DATA BELOW:
=-=-=

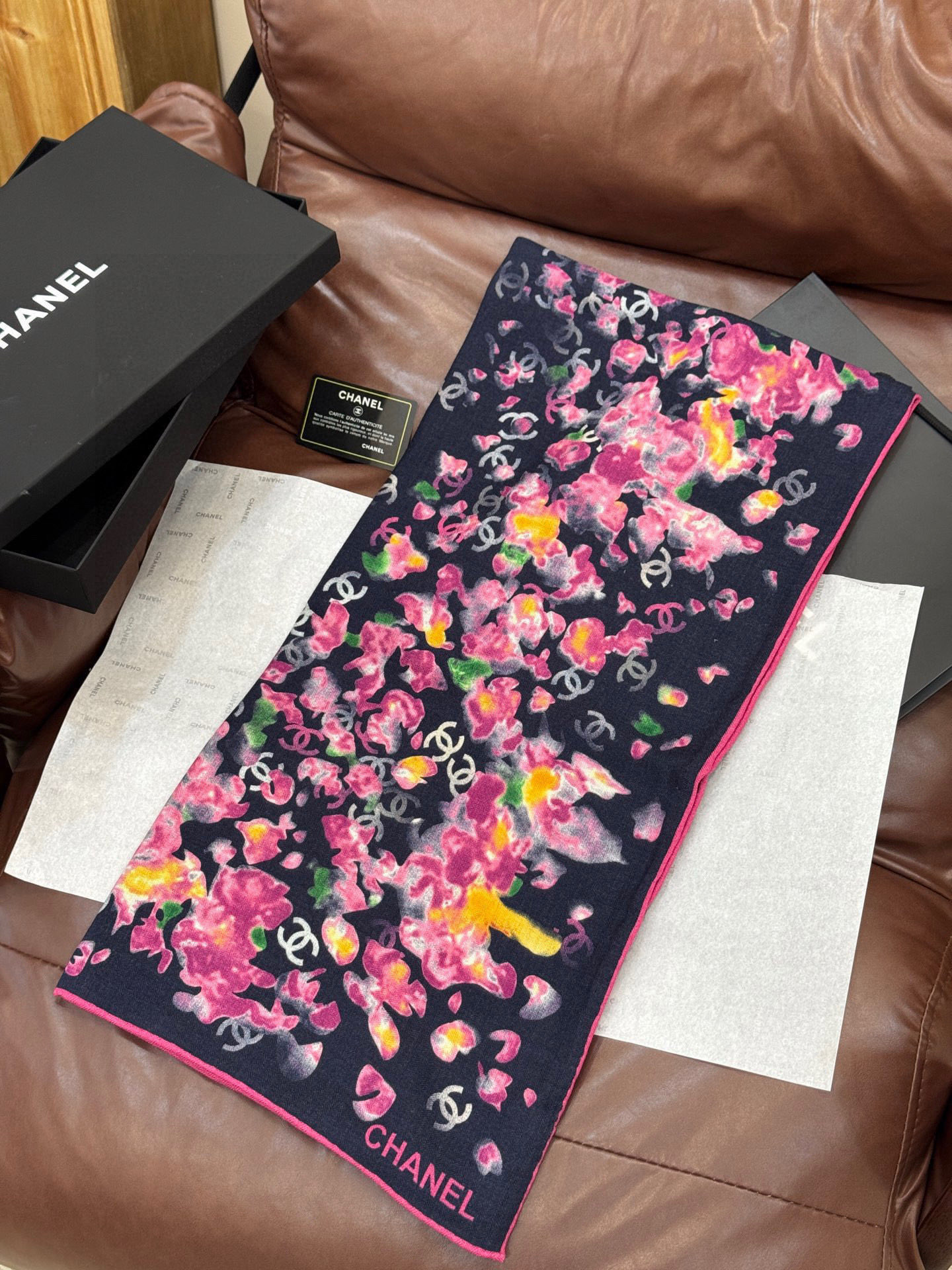 🌸·春日碎花20。 Chanel 140丝毛双面披肩25新款碎花花披肩超级有氛围感135*135cm的大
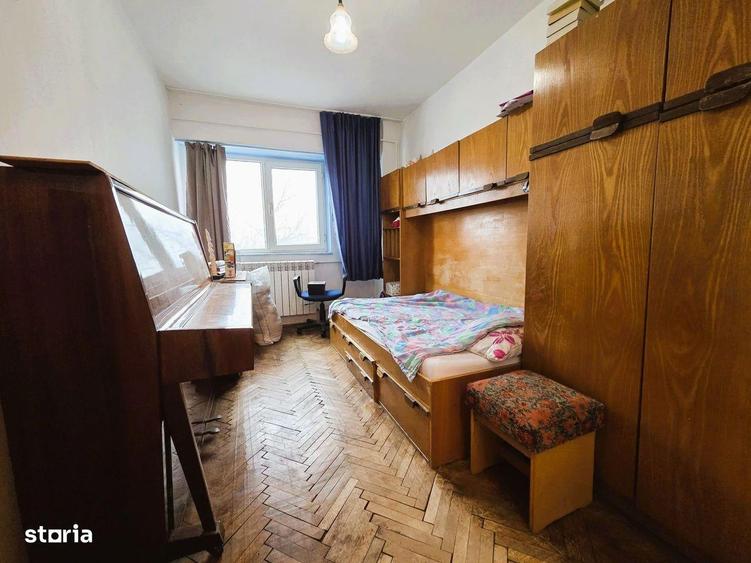 Apartament cu 4 camere decomandat în Central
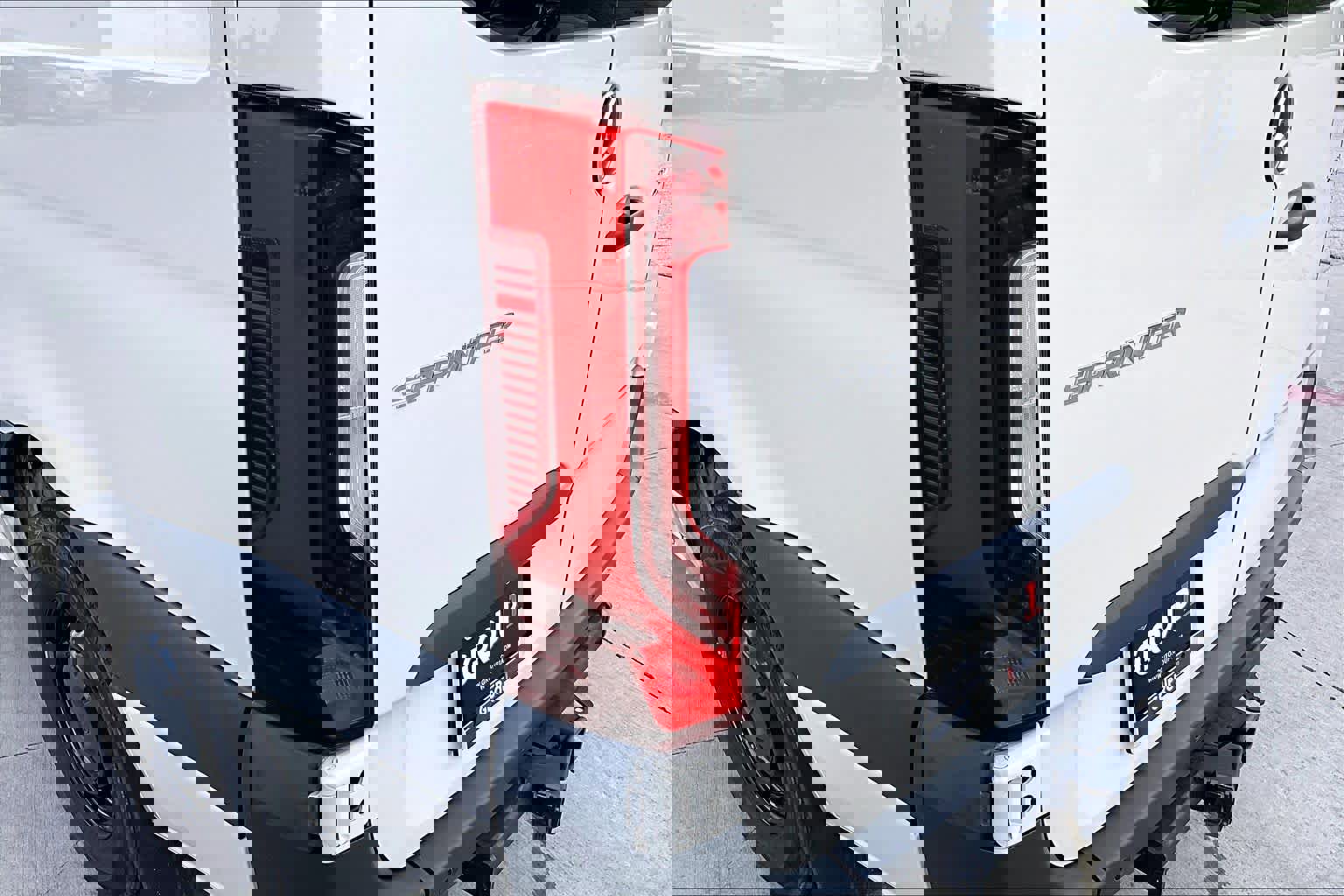 Used 2023 Mercedes-Benz Sprinter 2500 image 28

=-=-=

REQUIRED ACTION: The answer is every line of the data, exactly as written, with the pictures dropped.

OUTPUT BELOW:
 🌸·春日碎花20。 Chanel 140丝毛双面披肩25新款碎花花披肩超级有氛围感135*135cm的大
 Apartament cu 4 camere decomandat în Central
 Used 2023 Mercedes-Benz Sprinter 2500 image 28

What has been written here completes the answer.